Scotiabank profit hits record in second quarter
Third of Canada's big banks to beat expectations last quarter
Scotiabank boosted its second-quarter net profit by 14 per cent to $1.8 billion, helped by its Canadian banking and global wealth and insurance segments.
That's up from $1.58 billion in the same quarter of 2013.
Scotiabank said its Canadian banking segment achieved double-digit growth in both credit card and automotive lending volumes.
Earnings per share diluted were $1.39 compared with $1.22 year-over-year.
Adjusted diluted earnings per share were $1.40, beating analysts' estimates of $1.31.
Scotia continued the pattern of better than anticipated results- Bank analyst John Aiken
Scotiabank is the third of the big banks to report second-quarter earnings after Royal Bank and TD Bank, which also posted healthy profits and beat expectations.
Its total revenue was $5.7 billion compared with $5.3 billion in the same quarter last year and return on equity was 16.3 per cent, down from 16.5 per cent.
The provision for credit losses was $375 million in the quarter, up $32 million from the same period last year. The bank said the year-over-year increase was primarily due to higher provisions in its international banking segment.
Barclays analyst John Aiken called it an impressive quarter for Scotiabank, well ahead of expectations. But he said the uptick in provision for credit losses may be an issue for some investors.
"Scotia continued the pattern of better than anticipated results for the Canadian banks, however, its approach was decidedly different than what investors saw with Royal and TD last week," Aiken said in a research note.
"Scotia's bottom line did not benefit from better than anticipated credit quality. In fact, it saw some modest deterioration in domestic credit quality and incurred higher provisions in the Caribbean, driving up the total for International, despite moderation in Latin America."

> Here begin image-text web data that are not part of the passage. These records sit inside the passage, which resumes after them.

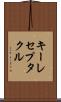 キーレセプタクル Scroll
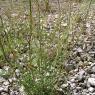 Lactuca viminea (L. )J. Presl & C. Presl - Asteraceae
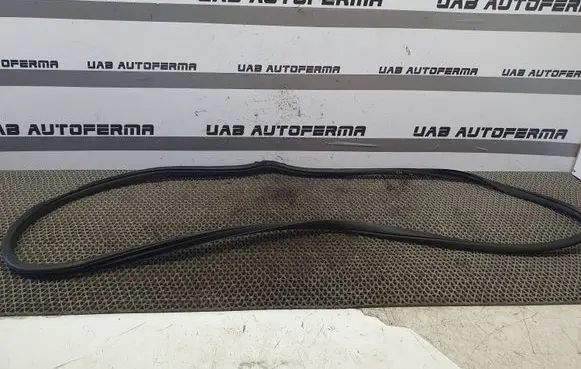 KIA Rio Rubber seal front door (on door) 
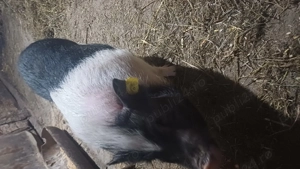 Vand purcea gestanta vietnamez - imagine 5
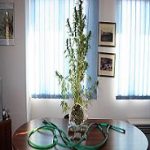 22092011ionianhsiaS2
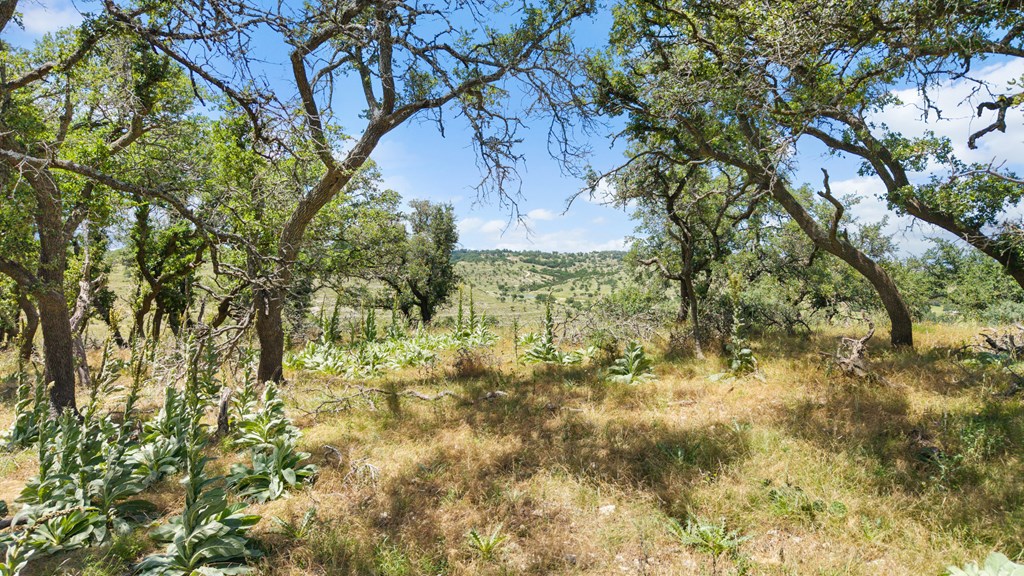 5032 Kendalia Road Blanco, TX 78606 - Photo 12 of 40 a view of a yard of a house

The bank said its global wealth and insurance segment benefited from favourable market conditions.
Earlier this month, Scotiabank announced that it wants to sell its 37 per cent stake in CI Financial Corp., worth about $3.8 billion, saying it believes it can more profitably deploy the capital elsewhere.
"While we have not yet made any decisions on the timing or the method of affecting this disposition, our intention is for an orderly transaction or series of transactions," said Scotiabank president and CEO Brian Porter in a conference call with analysts.
"We don't know how this is going to unfold, whether it's done in one transaction or a series of transactions and the timing of the disposition is uncertain to date," he added.
In the quarter, Scotiabank's ING Direct Canada was renamed Tangerine.
Earlier this month, Scotiabank signed a deal to buy a 20 per cent stake in Canadian Tire's financial services business for $500 million in cash as part of a strategic partnership between the companies. Scotiabank has said it will also provide up to $2.25 billion in credit card receivables financing for Canadian Tire's financial services business.